4. Investments in and Advances to Unconsolidated Entities

The Company has investments in and advances to various unconsolidated entities.

Development Joint Ventures

The Company has investments in and advances to a number of joint ventures with unrelated parties to develop land (“Development Joint Ventures”). Some of these Development Joint Ventures develop land for the sole use of the venture participants, including the Company, and others develop land for sale to the joint venture participants and to unrelated builders. The Company recognizes its share of earnings from the sale of home sites by the Development Joint Ventures to other builders. With regard to home sites the Company purchases from the Development Joint Ventures, the Company reduces its cost basis in those home sites by its share of the earnings on the home sites it purchases. At January 31, 2012, the Company had approximately $8.6 million, net of impairment charges, invested in or advanced to the Development Joint Ventures. In addition, the Company has a funding commitment of $3.5 million to one Development Joint Venture should an additional investment in that venture be required.

 

Some of the impairments related to Development Joint Ventures since 2008 were attributable to the Company’s investment in South Edge LLC (“South Edge”), a Development Joint Venture organized to develop a master planned community in the City of Henderson, Nevada. In 2008 and 2009, based on the deterioration of the real estate market in Nevada and the filing of lawsuits against the Company and the other parent companies of the members of South Edge by lenders to South Edge to collect on completion guaranties executed in favor of the lenders, the Company recognized impairments which totaled $70.3 million.
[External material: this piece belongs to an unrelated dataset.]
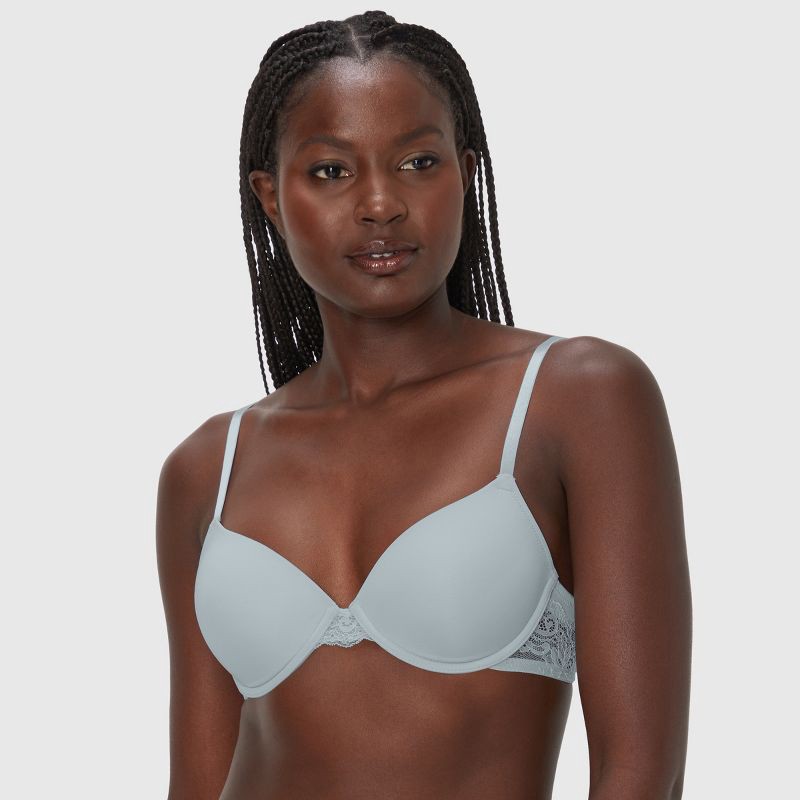 slide 5 of 8, Maidenform Women's 2pk Push-Up Underwire Bra MBT843 - Salty Pepper Gray/Navy 36C: Padded Cups, Adjustable Straps, Back Hook Closure, 2 ct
During fiscal 2010, the members of South Edge engaged in negotiations with the lenders to settle the lenders’ claims. Based on the status of the lawsuits and the ongoing negotiations, the Company believed that it had adequately provided for a settlement of these claims.

In December 2010, some of the lenders filed an involuntary bankruptcy petition against South Edge, claiming that the involuntary bankruptcy filing triggered obligations on payment guarantees executed by the Company and the other parent companies of the members of South Edge in favor of the lenders. In February, 2011, the Bankruptcy Court upheld the involuntary petition and appointed a trustee to take over the operations of South Edge. Based on this court decision, the potential liability under the payment guaranty and the further erosion in the value of the real property owned by South Edge, the Company recorded additional impairments of $20 million in the first quarter of fiscal 2011 and $9.6 million in the second quarter of fiscal 2011. The Company reversed $3.9 million of previously recognized impairments on South Edge in the fourth quarter of fiscal 2011 based on its evaluation of its expected potential liability at that time. The total cumulative impairment recognized for South Edge through January 31, 2012 was $96 million.

During the third quarter of fiscal 2011, the Company and a majority of the members of South Edge reached an agreement with the lenders and the bankruptcy trustee to settle the disputes involving South Edge. The settlement provided, among other things, for payments by the members of South Edge to the lenders (the Company’s share was $63.2 million, $57.6 million of which was paid in November 2011) and the conveyance of the real estate free of the prior debt owned by South Edge to a new joint venture organized by four of the members of South Edge.

The Company believes it has made adequate provision at January 31, 2012 for any remaining liabilities with respect to South Edge. The Company’s investment in the successor joint venture to South Edge is carried at nominal value.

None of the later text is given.